**Assignment**
Nothing but the lines from the one containing "A person climbs" through the last line of the records belongs in the answer, copied exactly and with the pictures left out.

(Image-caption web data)
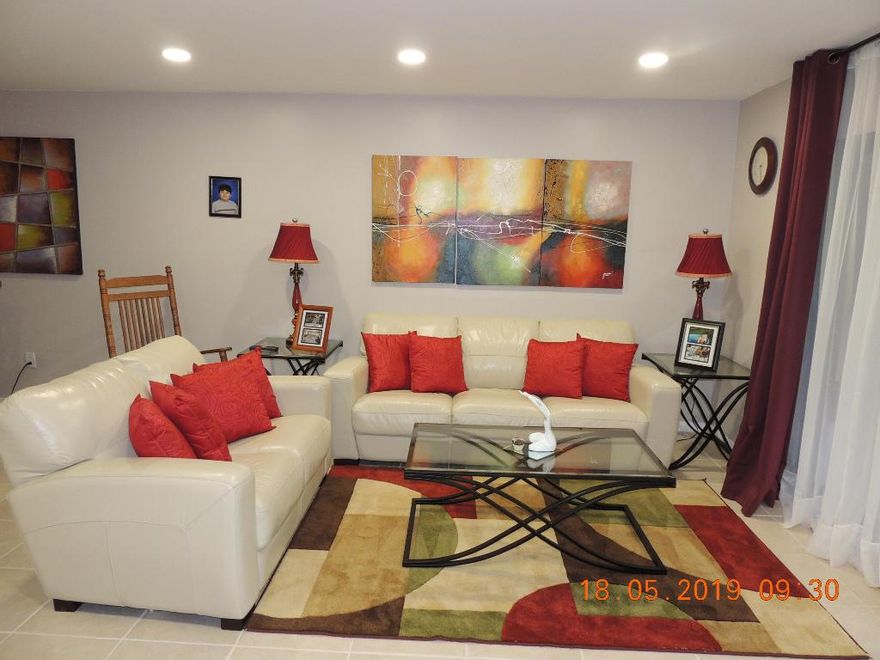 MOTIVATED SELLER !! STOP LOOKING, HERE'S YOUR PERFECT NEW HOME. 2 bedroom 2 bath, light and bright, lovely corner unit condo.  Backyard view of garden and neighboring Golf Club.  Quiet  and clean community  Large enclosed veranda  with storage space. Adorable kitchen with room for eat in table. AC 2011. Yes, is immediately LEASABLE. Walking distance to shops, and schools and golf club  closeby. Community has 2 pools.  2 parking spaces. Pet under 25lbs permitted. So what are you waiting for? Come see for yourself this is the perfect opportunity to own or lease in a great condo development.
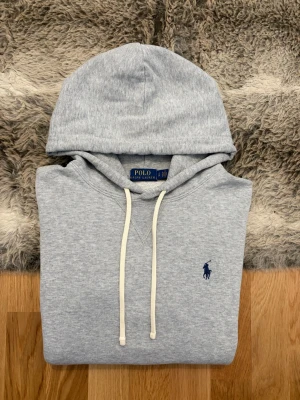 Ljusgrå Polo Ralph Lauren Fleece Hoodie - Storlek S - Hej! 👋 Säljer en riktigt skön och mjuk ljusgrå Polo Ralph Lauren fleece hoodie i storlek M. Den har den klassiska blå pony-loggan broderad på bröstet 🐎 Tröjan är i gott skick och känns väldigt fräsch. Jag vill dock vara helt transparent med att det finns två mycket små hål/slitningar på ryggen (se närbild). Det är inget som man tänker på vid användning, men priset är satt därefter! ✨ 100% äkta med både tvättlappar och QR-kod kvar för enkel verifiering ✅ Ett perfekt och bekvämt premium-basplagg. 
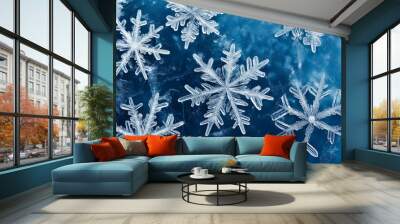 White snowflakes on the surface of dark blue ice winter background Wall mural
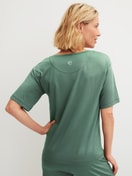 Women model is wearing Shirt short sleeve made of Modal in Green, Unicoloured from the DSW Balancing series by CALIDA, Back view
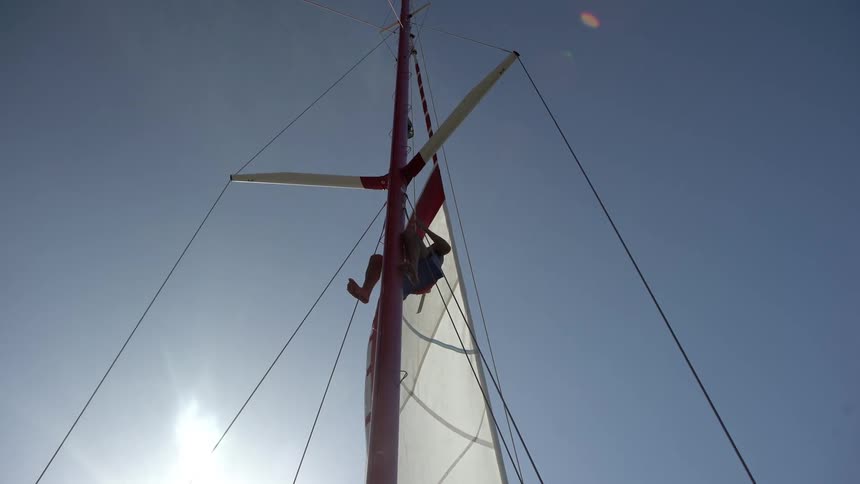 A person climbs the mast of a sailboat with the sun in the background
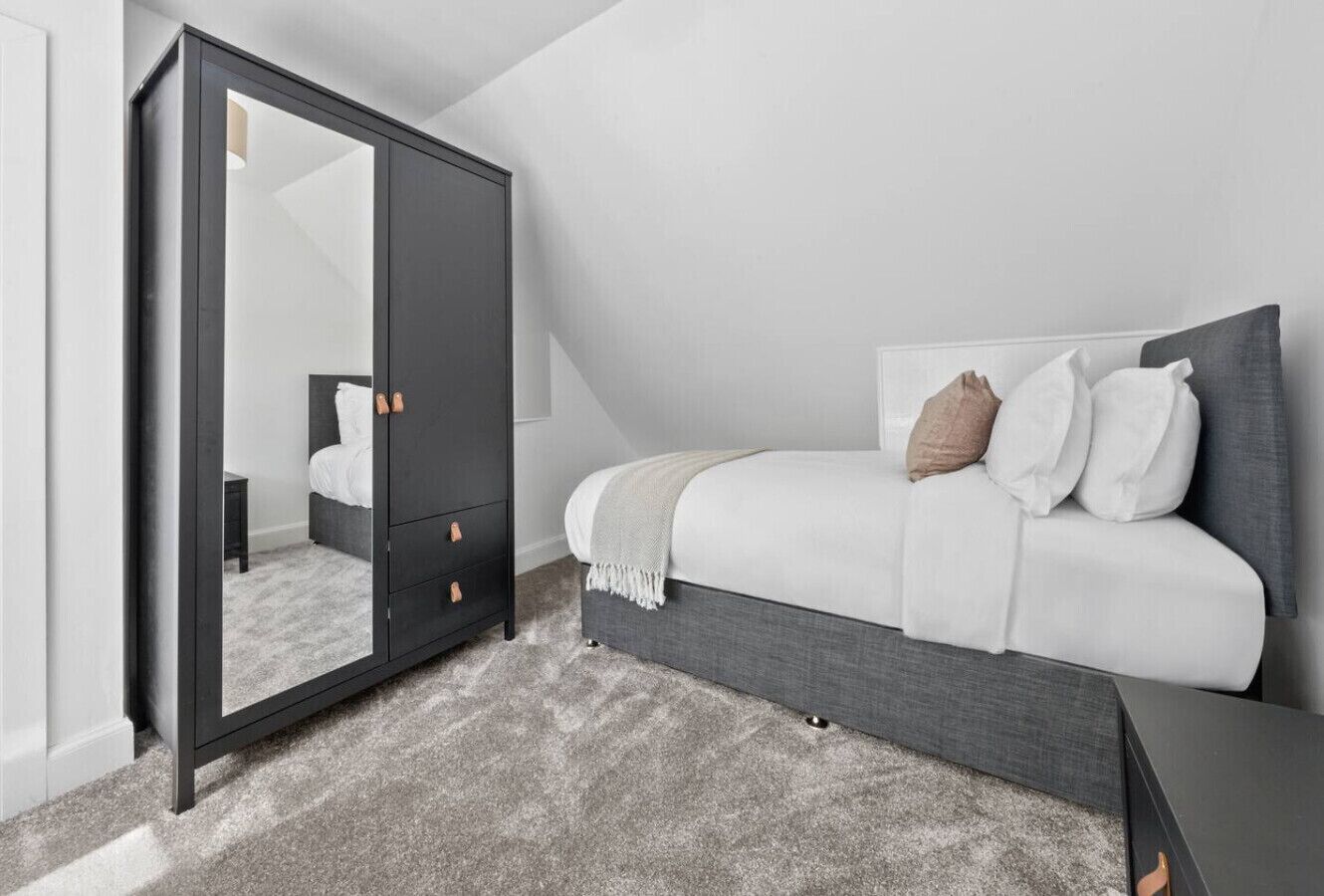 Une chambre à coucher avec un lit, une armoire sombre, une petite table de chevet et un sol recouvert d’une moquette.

**Worked solution**
 A person climbs the mast of a sailboat with the sun in the background
 Une chambre à coucher avec un lit, une armoire sombre, une petite table de chevet et un sol recouvert d’une moquette.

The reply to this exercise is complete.